→ **RECORDS SUPPLIED**:
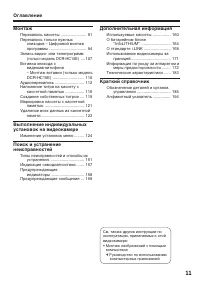 Страница 11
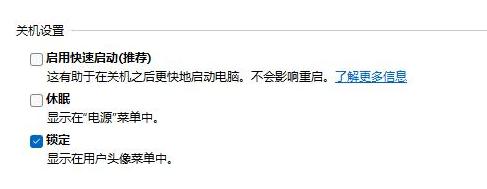 Win11关机后主机还在运行咋回事?Win11关机后主机还在运行解决办法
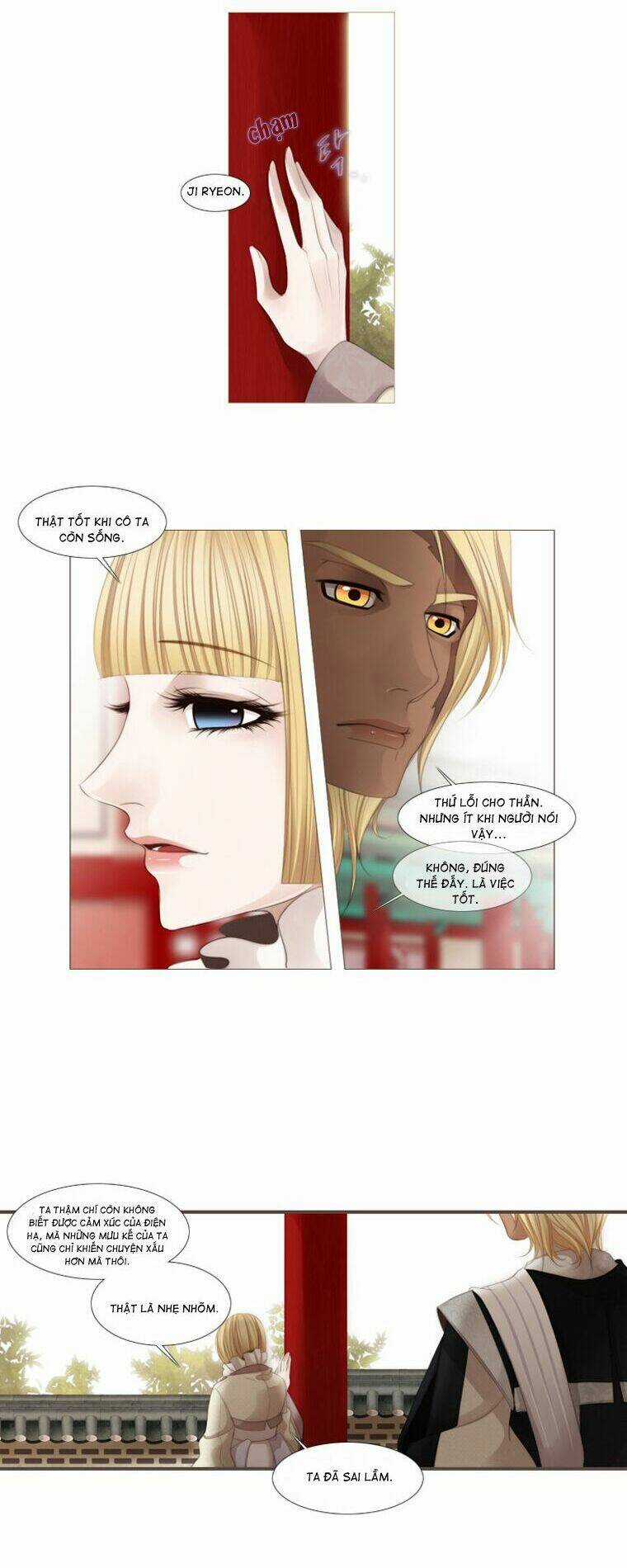 12 Nights - Chapter 25 - Trang 14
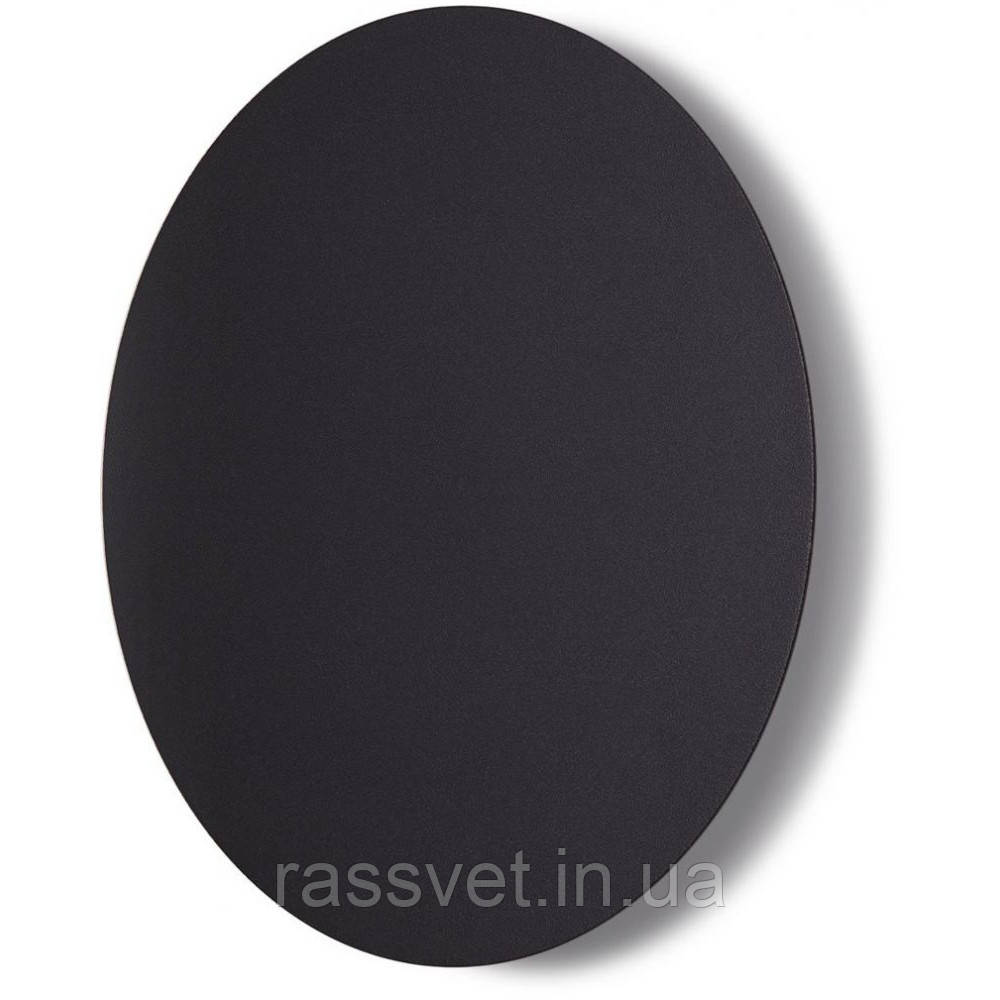 Світильник натальний TK Lighting 1407 Luna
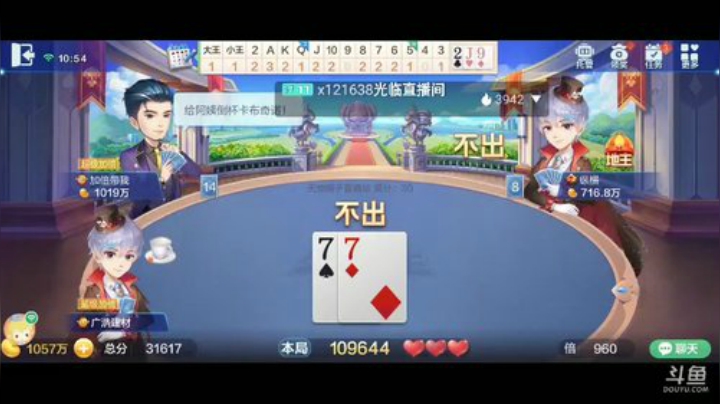 斗地主，斗鱼斗神主播一哥，免费上斗神 2020-05-24 10点场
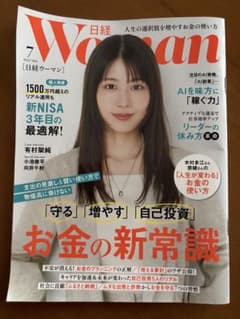 日経woman 2026年7月号 お金の新常識 - メルカリ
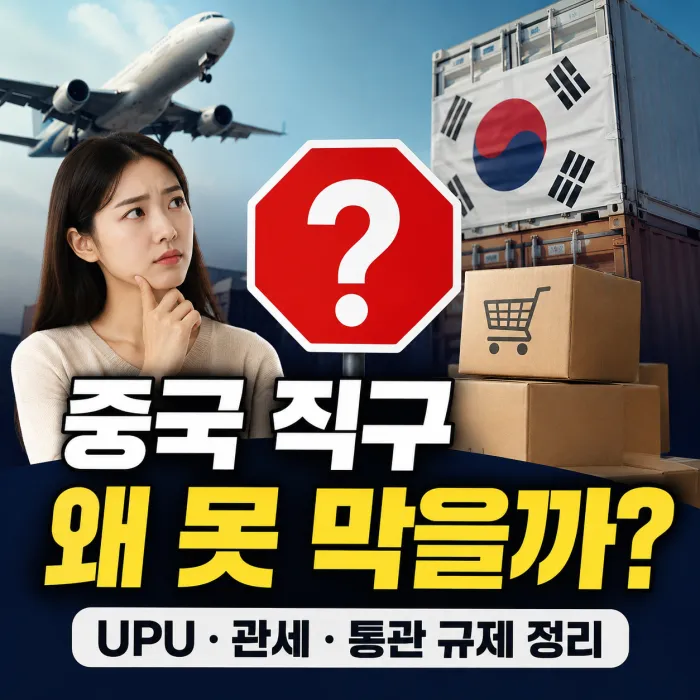 중국 직구를 왜 당장 막지 못할까? UPU 우편조약부터 관세 규제까지 한 번에 정리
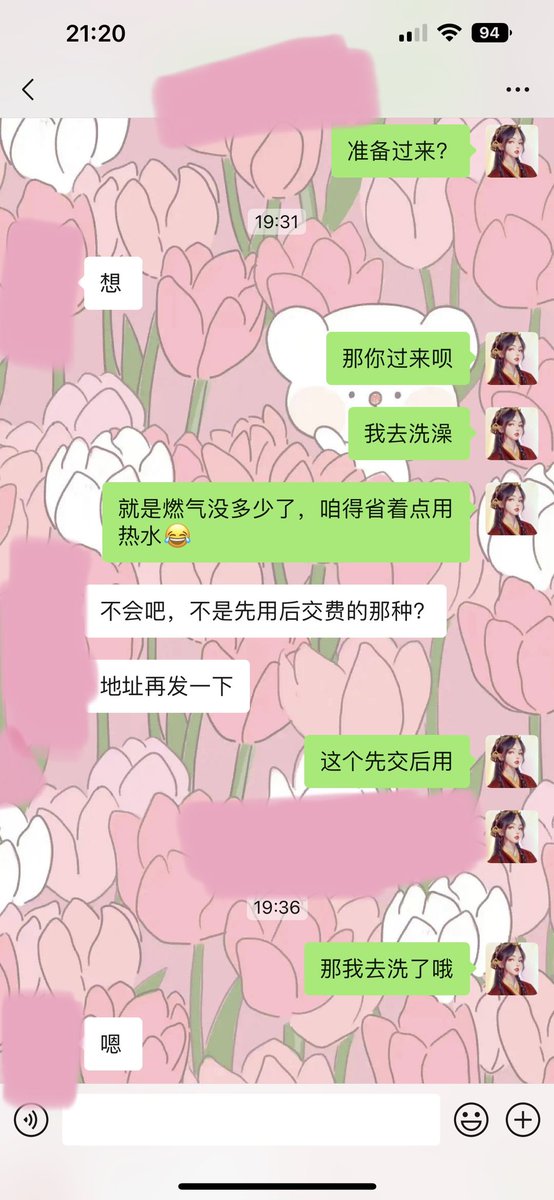 福利姬柒柒分享的黄推图片4 - 网红私拍内容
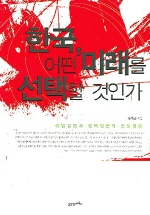 한국, 어떤 미래를 선택할 것인가 표지 이미지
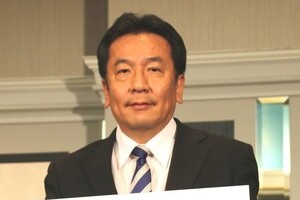 立憲民主党に「フォロワー水増しでは？」指摘　公式ツイッターが「検証結果」公表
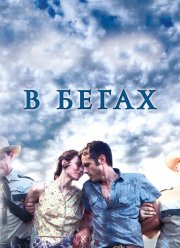 В бегах (2013)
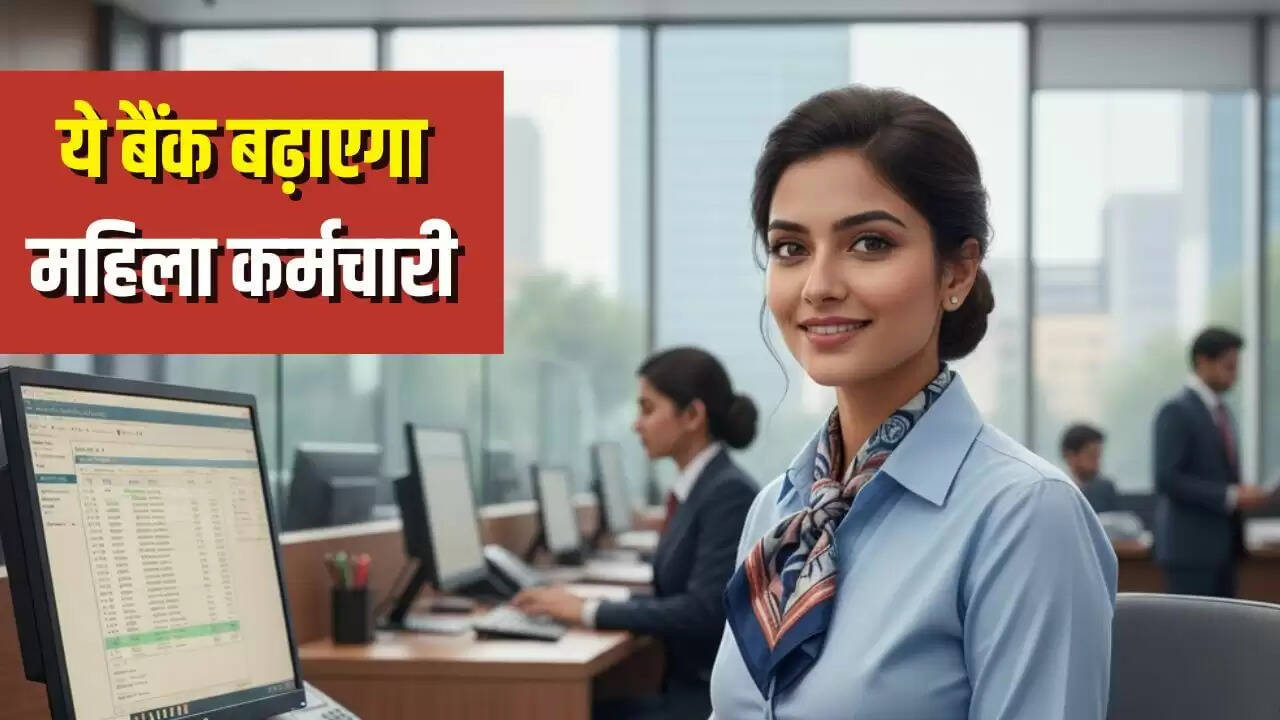 SBI का नया कदम: महिला कर्मचारियों की संख्या बढ़ाने की योजना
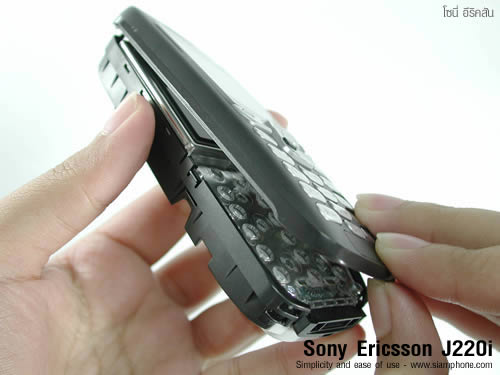 Sony Ericsson J220i
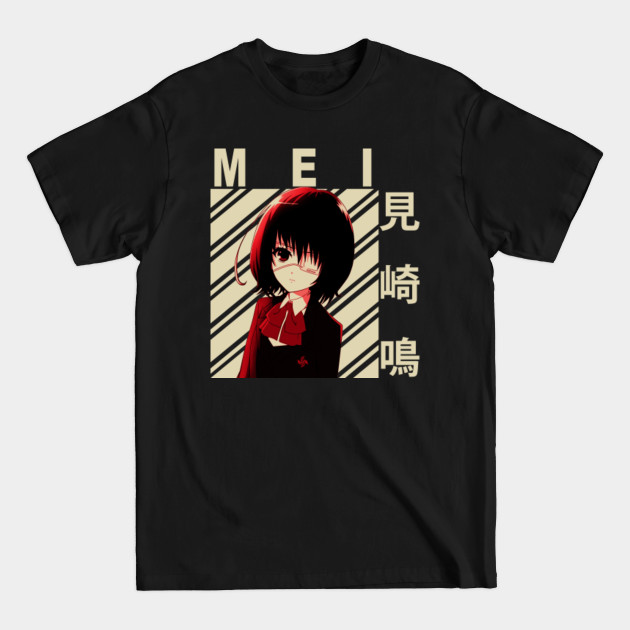 Mei Misaki - Another - T-Shirt Mei Misaki - Another - T-Shirt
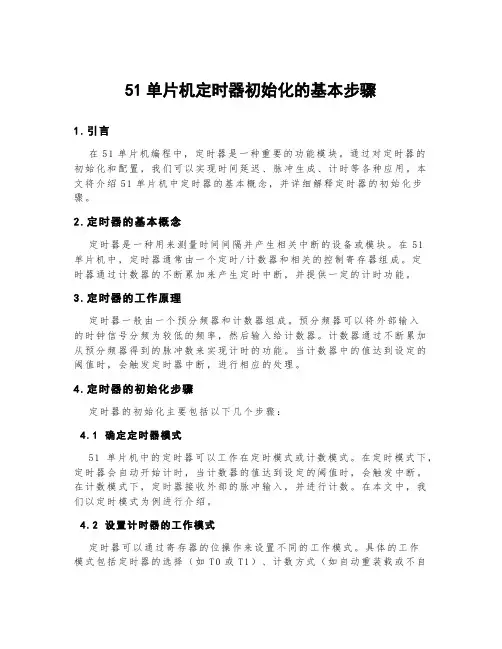 51单片机定时器初始化的基本步骤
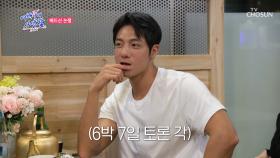 여배우의 남자친구라면🧑 한 번쯤 할 수밖에 없는 논쟁🔥 TV CHOSUN 240827 방송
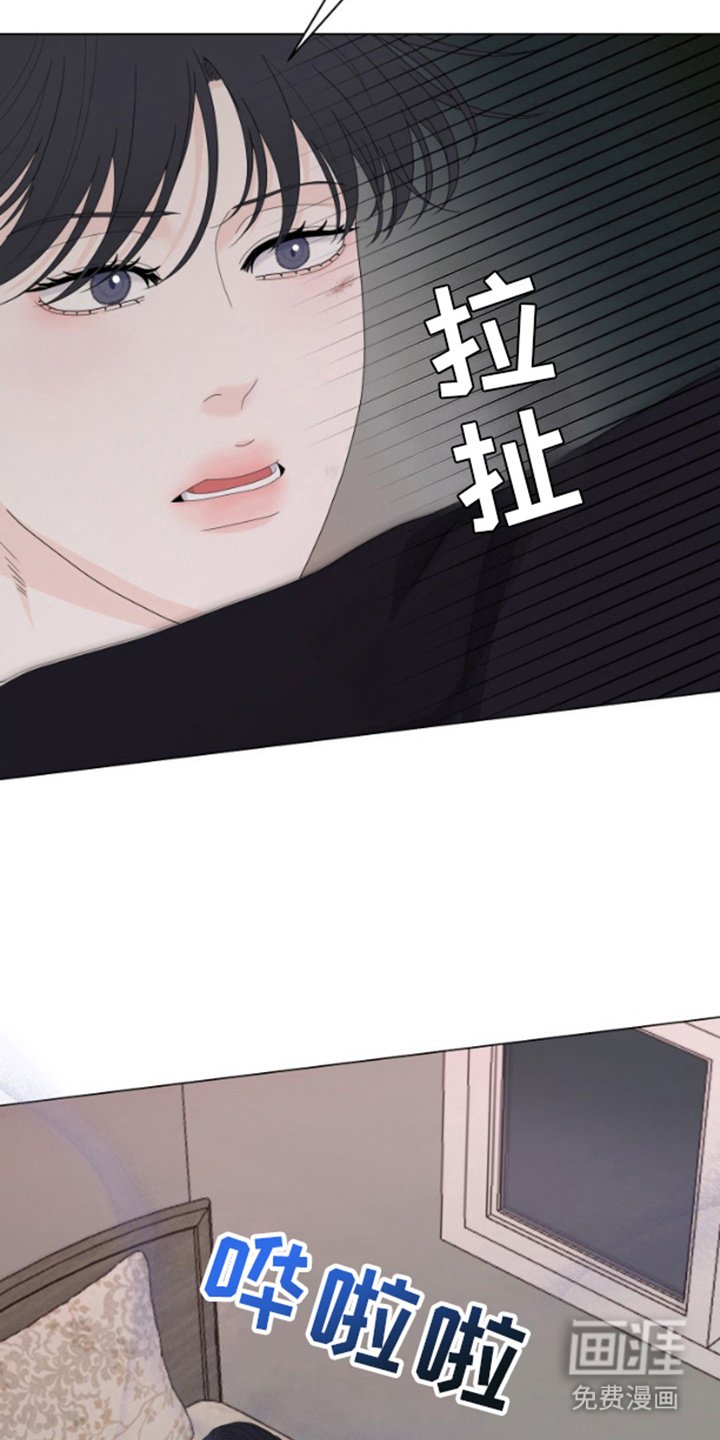 第6章：不包括我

→ **WORK REQUEST**: In the copy, include all records verbatim but no images.

→ **SOLUTION TO THIS PROBLEM**:
 Страница 11
 Win11关机后主机还在运行咋回事?Win11关机后主机还在运行解决办法
 12 Nights - Chapter 25 - Trang 14
 Світильник натальний TK Lighting 1407 Luna
 斗地主，斗鱼斗神主播一哥，免费上斗神 2020-05-24 10点场
 日経woman 2026年7月号 お金の新常識 - メルカリ
 중국 직구를 왜 당장 막지 못할까? UPU 우편조약부터 관세 규제까지 한 번에 정리
 福利姬柒柒分享的黄推图片4 - 网红私拍内容
 한국, 어떤 미래를 선택할 것인가 표지 이미지
 立憲民主党に「フォロワー水増しでは？」指摘　公式ツイッターが「検証結果」公表
 В бегах (2013)
 SBI का नया कदम: महिला कर्मचारियों की संख्या बढ़ाने की योजना
 Sony Ericsson J220i
 Mei Misaki - Another - T-Shirt Mei Misaki - Another - T-Shirt
 51单片机定时器初始化的基本步骤
 여배우의 남자친구라면🧑 한 번쯤 할 수밖에 없는 논쟁🔥 TV CHOSUN 240827 방송
 第6章：不包括我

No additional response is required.